Exercise aim -> Go to the line that contains "If at any time" in the listing below, then output it and every line after it exactly, omitting pictures.

Exercise data ->
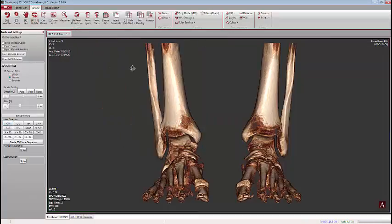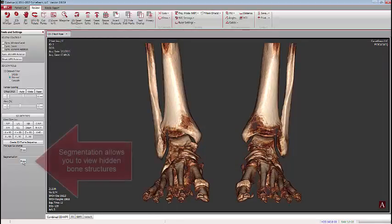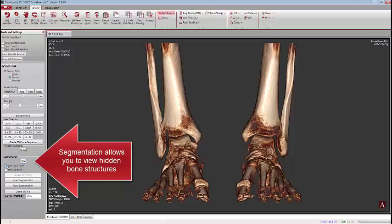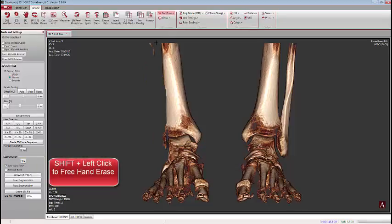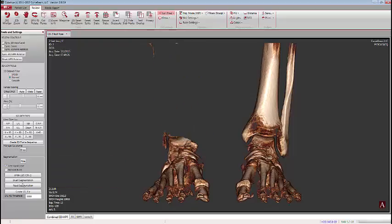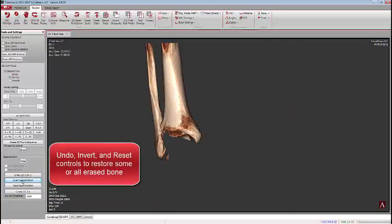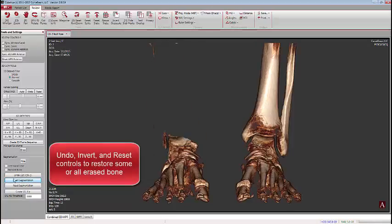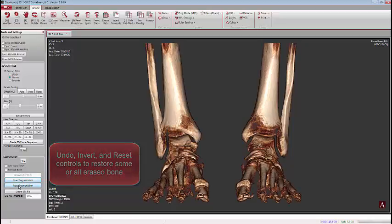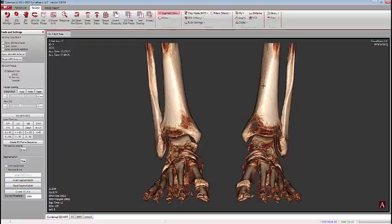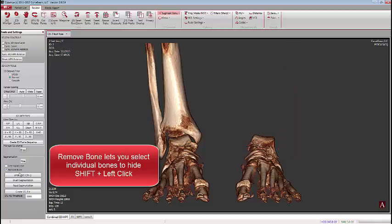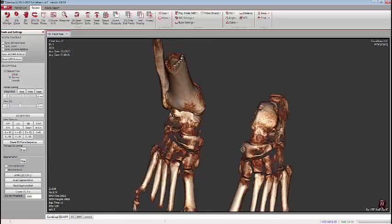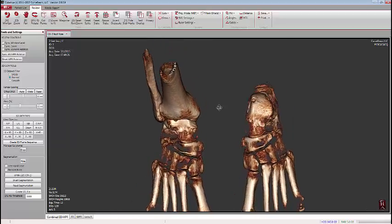New tools have also been added to better enable you to manipulate the 3D rendering. On the lower left-hand side, we'll show the segmentation tools. Selecting Freehand Erase allows us to draw around a bone or part of a bone to remove it from view. We can continue to remove multiple parts to isolate a particular bone, invert that segment to see what was removed, switch it back, and also reset the segmentation. Remove Bone enables you to one-click on a particular bone and remove it — we can do this multiple times to isolate and expose specific bones.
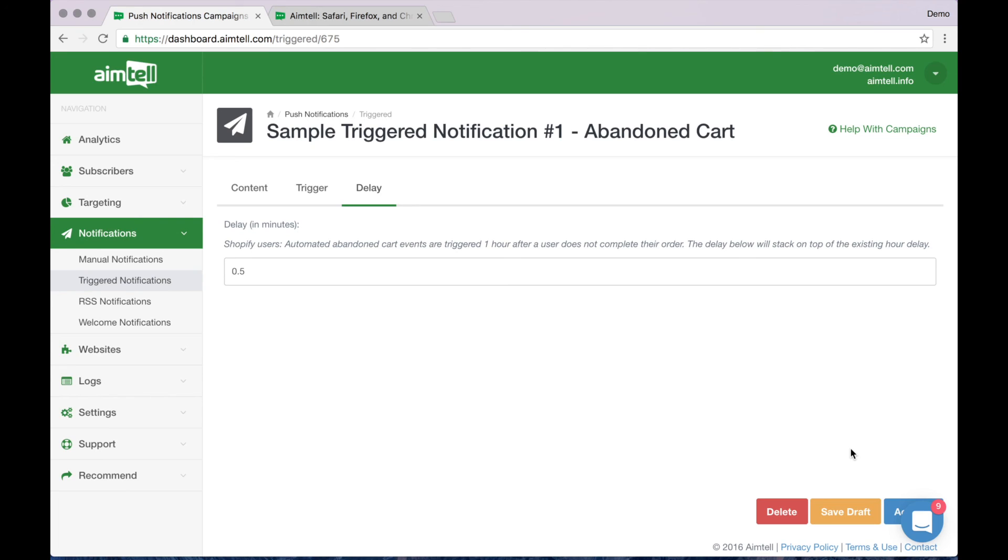If at any time you have a question, click the blue chat bubble down at the bottom of the screen and send your question. Someone will get back to you as soon as they can.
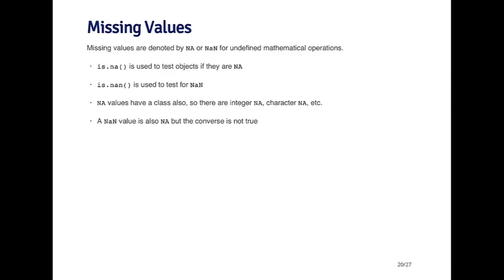So NA values can have a class too. So you can have missing integer values, or you can have missing character values, or missing numeric values, etc. And so even though it looks like it's all NAs, the NAs can have different classes potentially.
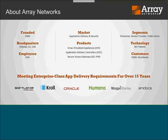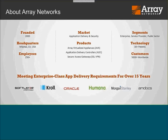Just a quick background on Array Networks. Array has actually been around for a fair bit of time, founded in 2000 — meeting enterprise-class app delivery requirements for over 15 years. We're headquartered in Milpitas, California, right here in Silicon Valley, with just over 250 employees. We are a global organization with a significant presence in North America and Europe, but also quite a significant presence in China, Japan, India, and emerging markets as well — a truly global organization. So if you happen to be a customer from one of these regions and you like what you see today, this product is available to you and we can support your organization.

Response ->
If at any time you have a question, click the blue chat bubble down at the bottom of the screen and send your question. Someone will get back to you as soon as they can.
So NA values can have a class too. So you can have missing integer values, or you can have missing character values, or missing numeric values, etc. And so even though it looks like it's all NAs, the NAs can have different classes potentially.
Just a quick background on Array Networks. Array has actually been around for a fair bit of time, founded in 2000 — meeting enterprise-class app delivery requirements for over 15 years. We're headquartered in Milpitas, California, right here in Silicon Valley, with just over 250 employees. We are a global organization with a significant presence in North America and Europe, but also quite a significant presence in China, Japan, India, and emerging markets as well — a truly global organization. So if you happen to be a customer from one of these regions and you like what you see today, this product is available to you and we can support your organization.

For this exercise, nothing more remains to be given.